Musing on Patience - -By D.J. Mitsch

Being raised below the Mason-Dixon line, I was taught as a little girl to be nice at all costs. It occurred to me somewhere around 10 years old that being nice was another form of “lying.” Nice is a judgment about how we “should feel and do.” There is a difference in being nice and being kind, a difference in being nice and being straight and trustworthy.” People trust others who tell the truth, even if the communication or the relationship gets messy as a result.

What I learned early in life was that sometimes I had to choose to be less patient with others and not quite so nice in order to engage in conversations that were meaningful and in relationships that grew.

Most of us feel we need to learn to exhibit more patience. I see it in the clients I coach. One said to me today, “I guess I should learn more patience.” What was really needed was less - - this client needed to learn to notice that his impatience was a signal that there was an underlying truth that need to emerge.
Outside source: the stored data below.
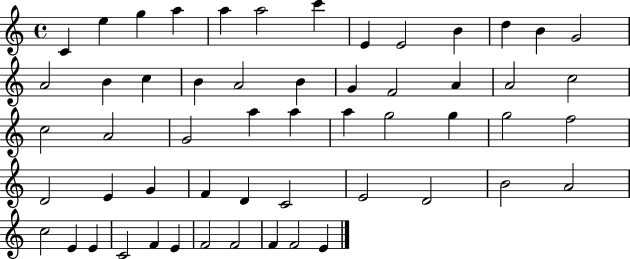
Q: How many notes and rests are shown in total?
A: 55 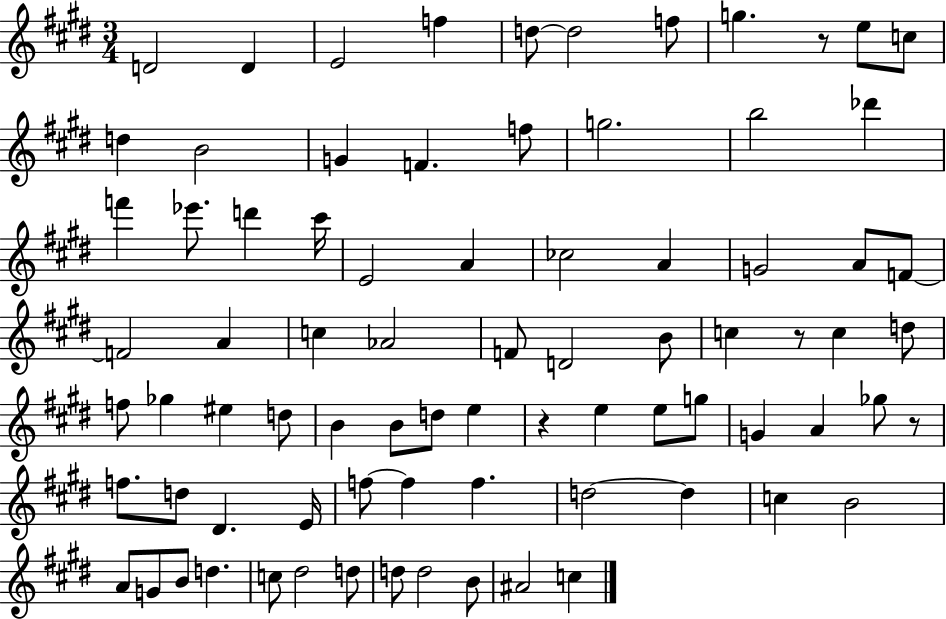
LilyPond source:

{
  \clef treble
  \numericTimeSignature
  \time 3/4
  \key e \major
  \repeat volta 2 { d'2 d'4 | e'2 f''4 | d''8~~ d''2 f''8 | g''4. r8 e''8 c''8 | \break d''4 b'2 | g'4 f'4. f''8 | g''2. | b''2 des'''4 | \break f'''4 ees'''8. d'''4 cis'''16 | e'2 a'4 | ces''2 a'4 | g'2 a'8 f'8~~ | \break f'2 a'4 | c''4 aes'2 | f'8 d'2 b'8 | c''4 r8 c''4 d''8 | \break f''8 ges''4 eis''4 d''8 | b'4 b'8 d''8 e''4 | r4 e''4 e''8 g''8 | g'4 a'4 ges''8 r8 | \break f''8. d''8 dis'4. e'16 | f''8~~ f''4 f''4. | d''2~~ d''4 | c''4 b'2 | \break a'8 g'8 b'8 d''4. | c''8 dis''2 d''8 | d''8 d''2 b'8 | ais'2 c''4 | \break } \bar "|."
} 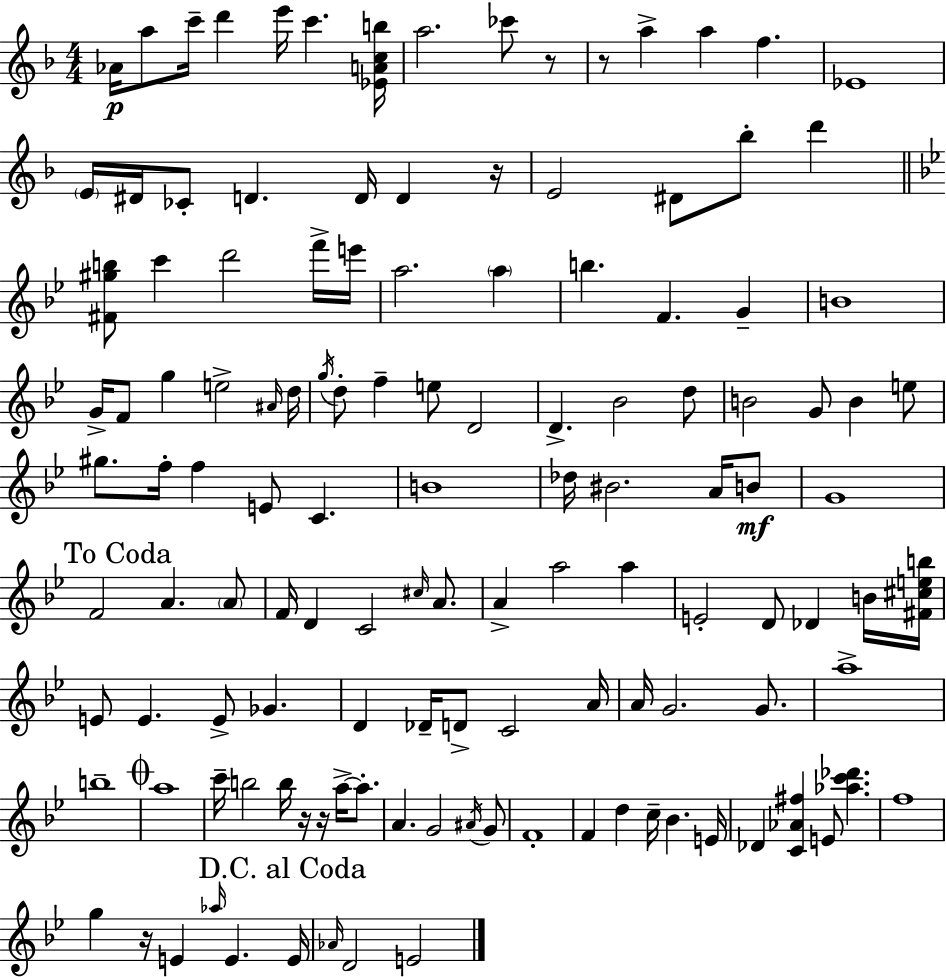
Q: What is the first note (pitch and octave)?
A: Ab4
Once we surfaced it, he was relieved and in touch with something real and actionable. He needed to address an issue that was taking too much energy and address an issue with a person who was afraid of telling the truth out of a perceived consequence of losing her job. So they were engaged in this little dance that was going nowhere and was frustrating. Once the truth was told, the dance changed and there was movement. This interaction, though tough, was definitely better than waiting patiently to continue the same conversation.

Where do you need to lose your patience? What is the underlying truth you are wrestling with? What is available to you as a result of getting in touch with that truth?